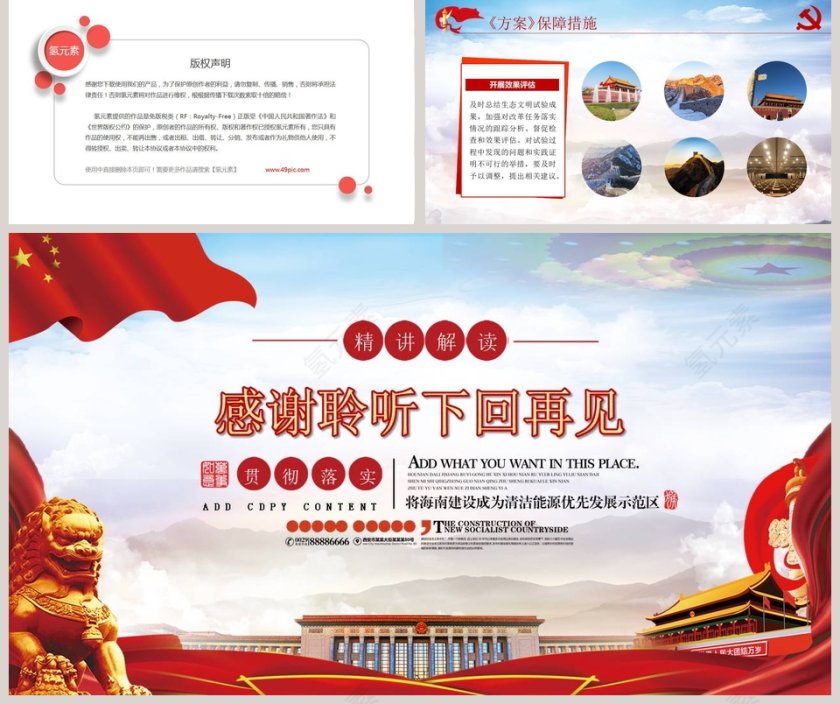 大气简约进一步发挥海南省生态优势PPT模板第5张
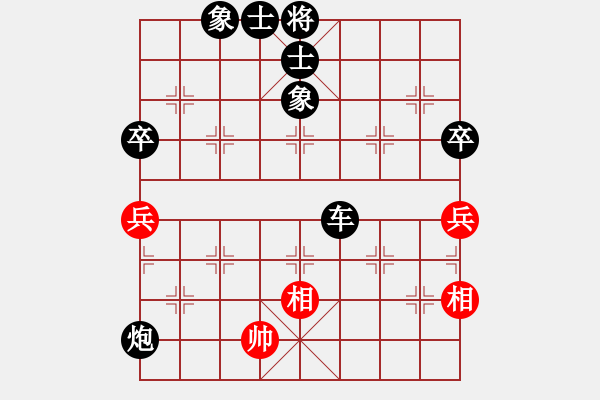 象棋棋譜圖片：937局 D50- 中炮對列炮-魯肅(2000) 先負(fù) 小蟲引擎23層(2725) - 步數(shù)：130 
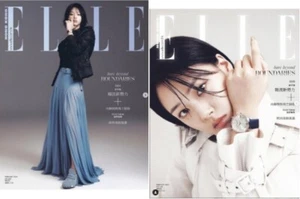 ELLE Hong Kong Magazine 2025 February BIBI KPOP - Picture 1 of 3
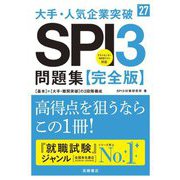 大手・人気企業突破SPI3問題集 完全版〈'27〉 [単行本]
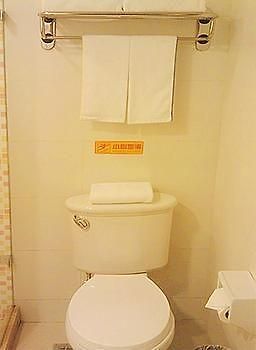Fujiatun Home Inn מראה חיצוני תמונה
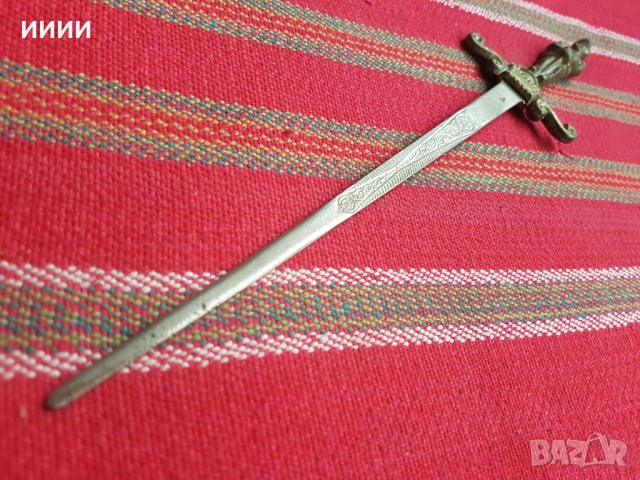 Ритуална рицарска кама кинжал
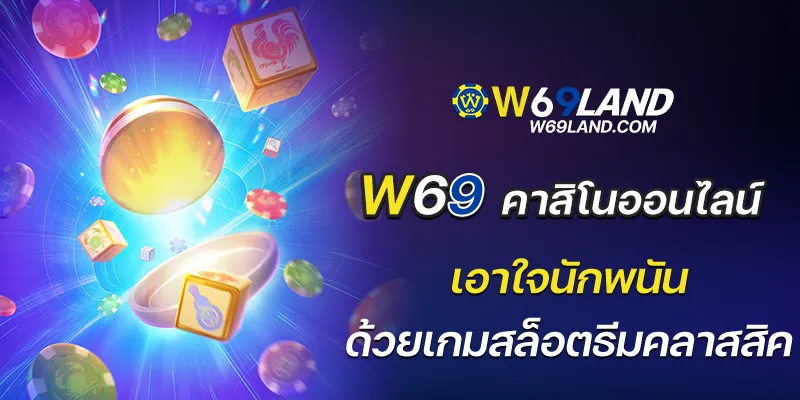 w69 คาสิโนออนไลน์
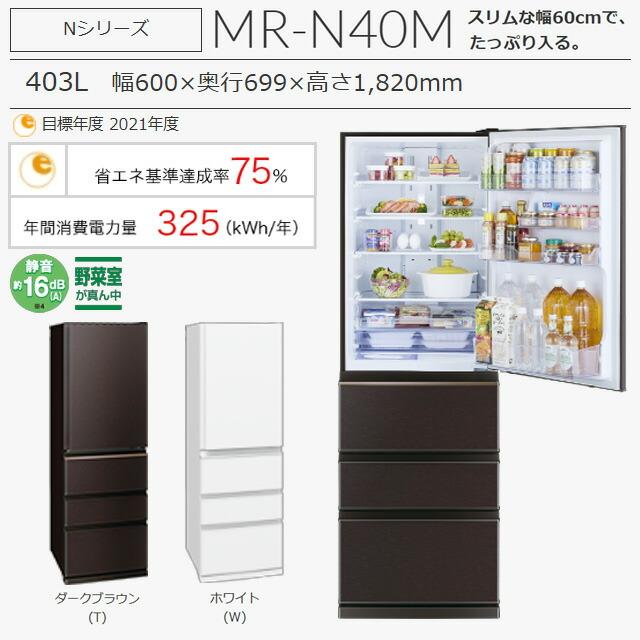 送料設置無料　三菱　人気モデル　大型冷蔵庫　475L 送料設置無料 三菱 人気モデル 大型冷蔵庫 475L 楽天市場】三菱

- [YOUR INSTRUCTIONS]:
In the records above, transcribe exactly the lines from the one containing "象棋棋譜圖片：937局 D50- 中炮對列炮-魯肅(2000)" through the last line, both included, and skip the pictures.

- [WRITTEN ANSWER]:
 象棋棋譜圖片：937局 D50- 中炮對列炮-魯肅(2000) 先負(fù) 小蟲引擎23層(2725) - 步數(shù)：130 
 ELLE Hong Kong Magazine 2025 February BIBI KPOP - Picture 1 of 3
 大手・人気企業突破SPI3問題集 完全版〈'27〉 [単行本]
Fujiatun Home Inn מראה חיצוני תמונה
 Ритуална рицарска кама кинжал
 w69 คาสิโนออนไลน์
 送料設置無料　三菱　人気モデル　大型冷蔵庫　475L 送料設置無料 三菱 人気モデル 大型冷蔵庫 475L 楽天市場】三菱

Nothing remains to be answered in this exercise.